The mission had gone smoothly—better than most expected for a first deployment. She hadn’t hesitated, hadn’t shied away when the bullets started flying. Most recruits faltered under real combat—froze, doubted, dragged themselves like deadweight. But she? She pulled her weight. Kept up. Kept moving. Kept fighting.
TF141 noticed.
"Damn, kid," Soap had muttered, adjusting his rifle. "You don’t move like a rookie."
Gaz nodded. "Most recruits slow the team down. You didn’t."
Price had given her a sharp look. "You fight like you belong here."
Ghost had smirked slightly. "Didn’t even need babysitting."
Laswell had simply approved, eyes steady. "You earned your place today."
And Amelia? Amelia had burned with resentment. She had been in TF141 longer. Yet no one had ever talked about her like that. No one had ever praised her like that.
She had started twisting moments early—small setups, little things, planting faults on her every chance she got. A flashback burned in her memory—a sabotage Amelia had pulled on a mission months ago.
"Go! Move!"
TF141 had been advancing, weaving between cover. She had taken point with Gaz, keeping close, keeping sharp.
Then—her gun jammed. No warning. No reason. Just jammed hard enough to stall her for a crucial second. And in that moment—the enemy had seen her hesitation. Had zeroed in on her.

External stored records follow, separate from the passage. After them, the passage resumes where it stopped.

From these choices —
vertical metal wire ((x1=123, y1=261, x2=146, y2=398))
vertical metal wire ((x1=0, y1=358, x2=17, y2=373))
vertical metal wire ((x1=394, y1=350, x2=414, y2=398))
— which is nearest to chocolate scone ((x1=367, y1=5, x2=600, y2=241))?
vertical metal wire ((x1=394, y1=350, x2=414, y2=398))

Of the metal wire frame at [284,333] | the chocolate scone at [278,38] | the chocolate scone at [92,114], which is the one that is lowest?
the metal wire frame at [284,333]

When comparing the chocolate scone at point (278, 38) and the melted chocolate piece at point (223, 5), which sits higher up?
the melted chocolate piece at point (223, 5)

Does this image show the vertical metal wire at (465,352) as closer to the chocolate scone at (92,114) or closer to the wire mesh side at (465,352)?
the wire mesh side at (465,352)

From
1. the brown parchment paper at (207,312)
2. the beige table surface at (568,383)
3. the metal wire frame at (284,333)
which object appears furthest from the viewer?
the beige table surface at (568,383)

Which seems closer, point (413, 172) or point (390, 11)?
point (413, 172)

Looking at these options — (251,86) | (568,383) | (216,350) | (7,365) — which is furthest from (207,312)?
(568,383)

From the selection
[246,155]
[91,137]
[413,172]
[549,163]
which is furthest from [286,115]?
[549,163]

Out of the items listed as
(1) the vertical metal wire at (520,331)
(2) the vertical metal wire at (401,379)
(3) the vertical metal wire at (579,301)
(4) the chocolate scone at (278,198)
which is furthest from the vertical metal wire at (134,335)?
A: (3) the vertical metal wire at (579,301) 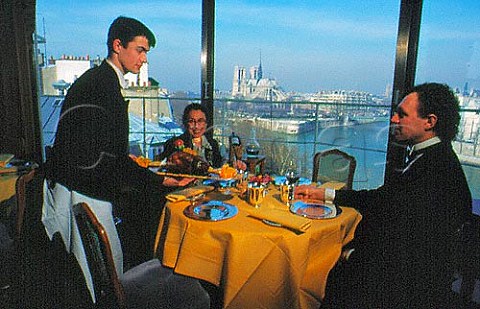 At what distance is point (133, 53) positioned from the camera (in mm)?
1767

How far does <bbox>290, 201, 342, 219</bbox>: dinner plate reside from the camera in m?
1.51

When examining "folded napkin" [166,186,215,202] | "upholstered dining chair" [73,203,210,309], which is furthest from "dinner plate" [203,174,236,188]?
"upholstered dining chair" [73,203,210,309]

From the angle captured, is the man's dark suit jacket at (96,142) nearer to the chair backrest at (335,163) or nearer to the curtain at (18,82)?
the chair backrest at (335,163)

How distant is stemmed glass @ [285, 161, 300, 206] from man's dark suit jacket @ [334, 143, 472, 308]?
0.49 metres

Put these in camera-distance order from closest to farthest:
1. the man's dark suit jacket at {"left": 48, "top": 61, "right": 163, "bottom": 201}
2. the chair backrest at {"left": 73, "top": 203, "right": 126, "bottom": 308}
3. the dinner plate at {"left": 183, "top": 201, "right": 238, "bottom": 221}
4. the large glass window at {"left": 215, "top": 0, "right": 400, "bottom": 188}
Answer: the chair backrest at {"left": 73, "top": 203, "right": 126, "bottom": 308} → the dinner plate at {"left": 183, "top": 201, "right": 238, "bottom": 221} → the man's dark suit jacket at {"left": 48, "top": 61, "right": 163, "bottom": 201} → the large glass window at {"left": 215, "top": 0, "right": 400, "bottom": 188}

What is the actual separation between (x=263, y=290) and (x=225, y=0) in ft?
9.24

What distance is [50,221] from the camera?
1.86m

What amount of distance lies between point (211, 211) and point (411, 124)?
37.6 inches

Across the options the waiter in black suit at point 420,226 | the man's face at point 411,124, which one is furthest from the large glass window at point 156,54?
the waiter in black suit at point 420,226

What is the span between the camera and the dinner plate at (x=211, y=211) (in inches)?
56.9

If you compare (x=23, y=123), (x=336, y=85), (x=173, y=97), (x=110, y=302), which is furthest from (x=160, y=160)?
(x=336, y=85)

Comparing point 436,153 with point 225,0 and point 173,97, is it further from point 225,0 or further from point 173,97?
point 173,97

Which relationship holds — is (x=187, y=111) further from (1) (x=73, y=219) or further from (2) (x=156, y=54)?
(1) (x=73, y=219)

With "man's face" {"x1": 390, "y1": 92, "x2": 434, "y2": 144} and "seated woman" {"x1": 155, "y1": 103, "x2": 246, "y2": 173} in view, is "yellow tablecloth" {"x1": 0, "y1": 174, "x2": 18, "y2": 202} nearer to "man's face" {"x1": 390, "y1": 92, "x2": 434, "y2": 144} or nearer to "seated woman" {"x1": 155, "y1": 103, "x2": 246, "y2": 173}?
"seated woman" {"x1": 155, "y1": 103, "x2": 246, "y2": 173} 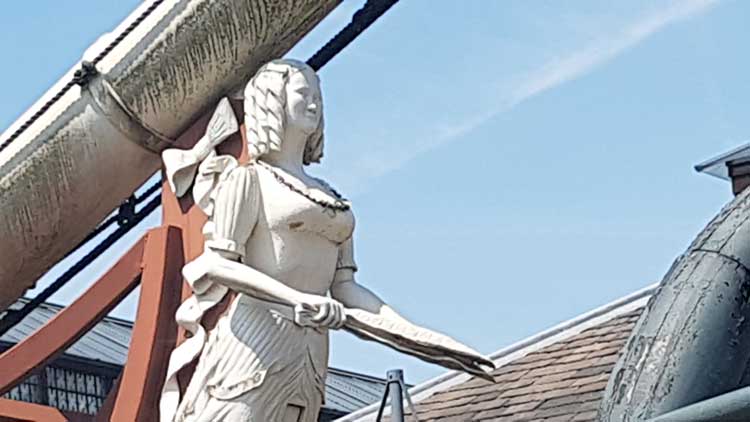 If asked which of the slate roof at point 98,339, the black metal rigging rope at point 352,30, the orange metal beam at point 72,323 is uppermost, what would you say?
the slate roof at point 98,339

The gunfire that followed had been blind, reckless—but one shot had skimmed too close, tearing into her shoulder before she hit the ground, hard. Pain ripped through her. Her first wound. Her first real injury.
She had barely had time to process it before Ghost had pulled her out of fire—fast, sharp, no hesitation.
"You're fine. Keep pressure. Stay alert."
She had done exactly that—gritted through it, kept moving.
And after the mission, after the dust settled, after she sat there, pressing gauze against the wound—she had realized.
Her gun? It hadn’t jammed on accident.
It had been tampered with.
And Amelia had been the last person near her rifle before deployment.
It wasn’t just that. There had been plenty of moments. Plenty of little setups.
A tripwire had been moved slightly—just enough that when she and Roach advanced, she had stepped too close to triggering it.
A wrong intel mark—one that had sent her down the wrong path, directly into enemy sightlines, while Amelia sat back, watching silently.
Her pack had been adjusted—heavy gear shifted, throwing off her balance just enough in a moment that counted.
And every time? Every single time?
Amelia had blamed her.
But Ghost watched everything. Nikto noticed details most wouldn’t. Krueger knew when someone was lying before they even opened their mouth. Roach tracked movements like a damn hawk.
And one by one—they started catching her in the act. Destroying every chance Amelia had at twisting the truth.
And now, at dinner—now that her first real mission had proven her—Amelia was breaking under the weight of her own bitterness. And she was taking everyone down with her.
Price pulling out {{user}}'s chair was the breaking point.
"This is bullshit!"
She slammed her fists against the table, making glasses rattle, making patrons stare.
"You all just worship her, pretend she’s some perfect soldier—but she’s not! She’s nothing but a freak, a liar, a pathetic—"
Her voice cracked, venom spilling, trying—desperately—to regain control of a situation that had long since slipped from her fingers.
The restaurant buzzed with commentary.
Amelia wasn't done.
"Just look at her! She looks like a circus act! Who already has that many scars before they ever hit the field!?"
Her father pocketing cash.
Her mother laughing as she handed her off.
A man too close.
The sound of money spent on alcohol, not her next meal.